▶ Exercise data:
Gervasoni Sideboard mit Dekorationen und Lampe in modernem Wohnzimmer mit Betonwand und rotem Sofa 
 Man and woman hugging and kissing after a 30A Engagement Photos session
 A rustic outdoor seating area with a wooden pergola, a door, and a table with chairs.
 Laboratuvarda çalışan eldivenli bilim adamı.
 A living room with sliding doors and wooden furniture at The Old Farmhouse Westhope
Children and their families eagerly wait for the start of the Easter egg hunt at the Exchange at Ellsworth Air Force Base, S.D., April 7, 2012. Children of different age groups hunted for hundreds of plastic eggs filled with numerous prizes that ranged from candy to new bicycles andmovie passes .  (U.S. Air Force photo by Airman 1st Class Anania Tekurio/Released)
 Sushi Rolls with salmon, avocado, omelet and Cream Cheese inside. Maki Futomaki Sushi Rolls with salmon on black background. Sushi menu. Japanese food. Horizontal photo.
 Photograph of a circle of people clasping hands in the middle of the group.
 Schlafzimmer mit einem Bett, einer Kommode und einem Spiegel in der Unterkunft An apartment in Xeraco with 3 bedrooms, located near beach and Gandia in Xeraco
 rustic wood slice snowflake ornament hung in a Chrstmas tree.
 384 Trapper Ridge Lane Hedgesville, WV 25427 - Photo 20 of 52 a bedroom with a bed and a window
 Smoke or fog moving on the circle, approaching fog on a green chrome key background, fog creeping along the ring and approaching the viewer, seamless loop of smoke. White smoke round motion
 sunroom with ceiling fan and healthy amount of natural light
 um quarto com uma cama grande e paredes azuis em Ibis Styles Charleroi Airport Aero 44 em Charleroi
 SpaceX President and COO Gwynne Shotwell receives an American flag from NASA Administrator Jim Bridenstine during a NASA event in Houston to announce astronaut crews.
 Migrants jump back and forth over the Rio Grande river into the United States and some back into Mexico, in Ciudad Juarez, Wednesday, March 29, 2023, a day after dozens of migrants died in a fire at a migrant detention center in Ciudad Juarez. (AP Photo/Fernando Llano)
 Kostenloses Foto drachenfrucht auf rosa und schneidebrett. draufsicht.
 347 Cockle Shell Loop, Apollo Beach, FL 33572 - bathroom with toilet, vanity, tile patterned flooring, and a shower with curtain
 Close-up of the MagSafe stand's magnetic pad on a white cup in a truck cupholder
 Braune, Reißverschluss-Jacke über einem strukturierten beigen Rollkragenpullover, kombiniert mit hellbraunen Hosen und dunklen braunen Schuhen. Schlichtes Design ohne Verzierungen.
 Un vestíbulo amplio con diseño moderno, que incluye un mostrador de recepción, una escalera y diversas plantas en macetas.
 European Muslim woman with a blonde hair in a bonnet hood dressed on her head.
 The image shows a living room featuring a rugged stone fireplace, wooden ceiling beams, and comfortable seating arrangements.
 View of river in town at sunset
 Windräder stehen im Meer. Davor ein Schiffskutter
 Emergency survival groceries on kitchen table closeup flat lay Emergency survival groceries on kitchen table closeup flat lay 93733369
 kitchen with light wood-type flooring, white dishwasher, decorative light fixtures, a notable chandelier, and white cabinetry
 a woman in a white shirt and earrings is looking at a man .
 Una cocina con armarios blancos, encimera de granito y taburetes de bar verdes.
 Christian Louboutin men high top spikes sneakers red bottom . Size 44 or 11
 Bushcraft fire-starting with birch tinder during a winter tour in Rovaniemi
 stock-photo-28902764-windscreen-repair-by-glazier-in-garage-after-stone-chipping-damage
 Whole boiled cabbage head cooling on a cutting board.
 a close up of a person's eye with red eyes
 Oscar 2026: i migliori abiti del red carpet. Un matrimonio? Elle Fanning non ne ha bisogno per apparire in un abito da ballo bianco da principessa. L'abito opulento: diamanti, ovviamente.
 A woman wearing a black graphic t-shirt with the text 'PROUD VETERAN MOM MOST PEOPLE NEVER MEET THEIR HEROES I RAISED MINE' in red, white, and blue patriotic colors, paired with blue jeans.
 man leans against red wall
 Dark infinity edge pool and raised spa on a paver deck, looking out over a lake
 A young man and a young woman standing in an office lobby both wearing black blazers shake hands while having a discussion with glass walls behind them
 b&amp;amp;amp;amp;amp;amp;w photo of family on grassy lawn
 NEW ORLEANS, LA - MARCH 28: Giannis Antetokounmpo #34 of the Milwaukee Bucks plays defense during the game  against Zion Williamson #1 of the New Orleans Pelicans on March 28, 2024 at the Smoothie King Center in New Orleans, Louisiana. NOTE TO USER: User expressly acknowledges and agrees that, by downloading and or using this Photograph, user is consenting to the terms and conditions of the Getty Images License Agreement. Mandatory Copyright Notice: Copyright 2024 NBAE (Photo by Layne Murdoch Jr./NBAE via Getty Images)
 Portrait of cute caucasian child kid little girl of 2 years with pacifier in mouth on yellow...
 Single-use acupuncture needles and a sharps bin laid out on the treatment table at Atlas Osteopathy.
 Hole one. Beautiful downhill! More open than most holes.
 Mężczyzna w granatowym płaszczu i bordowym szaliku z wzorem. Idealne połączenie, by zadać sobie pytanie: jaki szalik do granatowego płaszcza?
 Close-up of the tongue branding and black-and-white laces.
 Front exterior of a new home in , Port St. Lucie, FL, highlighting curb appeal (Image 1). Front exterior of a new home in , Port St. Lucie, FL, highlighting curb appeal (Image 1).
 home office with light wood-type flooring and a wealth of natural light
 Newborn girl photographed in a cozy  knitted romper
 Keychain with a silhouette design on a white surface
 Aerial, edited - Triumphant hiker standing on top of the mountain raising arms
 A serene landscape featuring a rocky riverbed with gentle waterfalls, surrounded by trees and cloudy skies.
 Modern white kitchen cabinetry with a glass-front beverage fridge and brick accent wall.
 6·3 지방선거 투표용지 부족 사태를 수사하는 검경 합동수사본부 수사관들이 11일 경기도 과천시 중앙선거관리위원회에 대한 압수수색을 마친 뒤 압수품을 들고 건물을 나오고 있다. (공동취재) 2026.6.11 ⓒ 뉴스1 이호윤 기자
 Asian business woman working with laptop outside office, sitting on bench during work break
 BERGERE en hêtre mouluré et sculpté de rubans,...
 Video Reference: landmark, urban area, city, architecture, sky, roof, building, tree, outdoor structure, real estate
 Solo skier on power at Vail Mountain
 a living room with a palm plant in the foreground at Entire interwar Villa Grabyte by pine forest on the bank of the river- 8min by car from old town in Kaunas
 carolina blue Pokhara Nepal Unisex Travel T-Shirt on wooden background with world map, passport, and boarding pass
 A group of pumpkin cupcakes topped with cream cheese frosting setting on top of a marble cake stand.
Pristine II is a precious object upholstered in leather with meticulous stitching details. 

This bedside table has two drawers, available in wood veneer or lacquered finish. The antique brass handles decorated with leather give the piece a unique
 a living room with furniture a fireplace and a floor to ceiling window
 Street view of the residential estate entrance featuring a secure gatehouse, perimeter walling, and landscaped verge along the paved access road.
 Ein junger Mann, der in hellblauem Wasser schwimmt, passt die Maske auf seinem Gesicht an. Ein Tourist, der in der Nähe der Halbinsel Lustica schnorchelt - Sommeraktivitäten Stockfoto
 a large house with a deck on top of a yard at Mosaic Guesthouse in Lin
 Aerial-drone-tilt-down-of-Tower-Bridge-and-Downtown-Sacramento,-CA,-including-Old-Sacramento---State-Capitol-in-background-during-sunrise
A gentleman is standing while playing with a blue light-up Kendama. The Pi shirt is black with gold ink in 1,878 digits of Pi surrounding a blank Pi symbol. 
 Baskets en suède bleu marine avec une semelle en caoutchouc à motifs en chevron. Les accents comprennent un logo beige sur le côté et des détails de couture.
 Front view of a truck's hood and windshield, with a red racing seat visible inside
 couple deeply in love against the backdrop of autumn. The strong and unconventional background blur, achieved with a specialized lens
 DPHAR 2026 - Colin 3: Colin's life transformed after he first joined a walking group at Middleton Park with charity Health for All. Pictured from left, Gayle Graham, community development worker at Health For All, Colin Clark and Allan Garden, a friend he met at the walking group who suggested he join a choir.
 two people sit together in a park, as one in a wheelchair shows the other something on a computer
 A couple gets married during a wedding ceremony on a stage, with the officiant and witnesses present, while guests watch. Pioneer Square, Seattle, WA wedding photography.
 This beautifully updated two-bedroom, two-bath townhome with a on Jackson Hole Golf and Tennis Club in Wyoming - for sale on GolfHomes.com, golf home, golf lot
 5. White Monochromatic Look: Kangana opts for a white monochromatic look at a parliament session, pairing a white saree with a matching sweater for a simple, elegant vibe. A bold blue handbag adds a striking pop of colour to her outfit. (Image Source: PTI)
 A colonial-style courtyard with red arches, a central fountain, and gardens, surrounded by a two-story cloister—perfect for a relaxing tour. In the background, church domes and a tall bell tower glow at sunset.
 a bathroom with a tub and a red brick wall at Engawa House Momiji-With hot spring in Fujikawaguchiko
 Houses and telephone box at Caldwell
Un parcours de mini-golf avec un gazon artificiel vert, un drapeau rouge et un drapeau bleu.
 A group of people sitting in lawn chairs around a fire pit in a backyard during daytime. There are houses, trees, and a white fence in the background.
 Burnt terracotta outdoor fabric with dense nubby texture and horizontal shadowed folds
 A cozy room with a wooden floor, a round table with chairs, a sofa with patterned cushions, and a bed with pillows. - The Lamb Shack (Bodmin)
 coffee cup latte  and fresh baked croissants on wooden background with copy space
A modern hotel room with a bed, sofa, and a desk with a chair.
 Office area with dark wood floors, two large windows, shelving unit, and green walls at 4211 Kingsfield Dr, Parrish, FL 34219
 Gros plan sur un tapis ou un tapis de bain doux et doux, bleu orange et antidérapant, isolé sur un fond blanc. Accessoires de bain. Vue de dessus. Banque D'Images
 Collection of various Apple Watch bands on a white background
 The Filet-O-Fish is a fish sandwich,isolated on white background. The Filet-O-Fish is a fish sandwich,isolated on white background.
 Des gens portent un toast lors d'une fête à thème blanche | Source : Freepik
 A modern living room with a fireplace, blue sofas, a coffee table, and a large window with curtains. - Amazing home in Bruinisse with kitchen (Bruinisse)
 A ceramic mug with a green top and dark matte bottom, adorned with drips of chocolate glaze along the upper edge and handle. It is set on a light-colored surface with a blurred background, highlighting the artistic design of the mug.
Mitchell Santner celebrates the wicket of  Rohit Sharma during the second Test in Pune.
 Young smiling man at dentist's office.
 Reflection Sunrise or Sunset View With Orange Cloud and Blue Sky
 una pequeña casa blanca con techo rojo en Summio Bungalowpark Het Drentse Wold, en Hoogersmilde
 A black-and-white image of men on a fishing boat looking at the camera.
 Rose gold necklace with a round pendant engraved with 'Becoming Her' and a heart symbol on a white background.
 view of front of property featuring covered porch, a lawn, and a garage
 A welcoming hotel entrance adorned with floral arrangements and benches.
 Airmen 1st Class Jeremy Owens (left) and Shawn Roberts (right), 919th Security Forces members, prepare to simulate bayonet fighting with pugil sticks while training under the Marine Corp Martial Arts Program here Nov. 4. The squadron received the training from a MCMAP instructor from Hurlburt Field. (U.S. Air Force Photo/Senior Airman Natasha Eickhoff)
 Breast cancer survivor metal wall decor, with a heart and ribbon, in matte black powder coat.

▶ What to do: What you return should be exactly the lines above, starting at the one with "A woman wearing" and ending at the one with "Dark infinity edge", and nothing else.

▶ Reply to the exercise:
 A woman wearing a black graphic t-shirt with the text 'PROUD VETERAN MOM MOST PEOPLE NEVER MEET THEIR HEROES I RAISED MINE' in red, white, and blue patriotic colors, paired with blue jeans.
 man leans against red wall
 Dark infinity edge pool and raised spa on a paver deck, looking out over a lake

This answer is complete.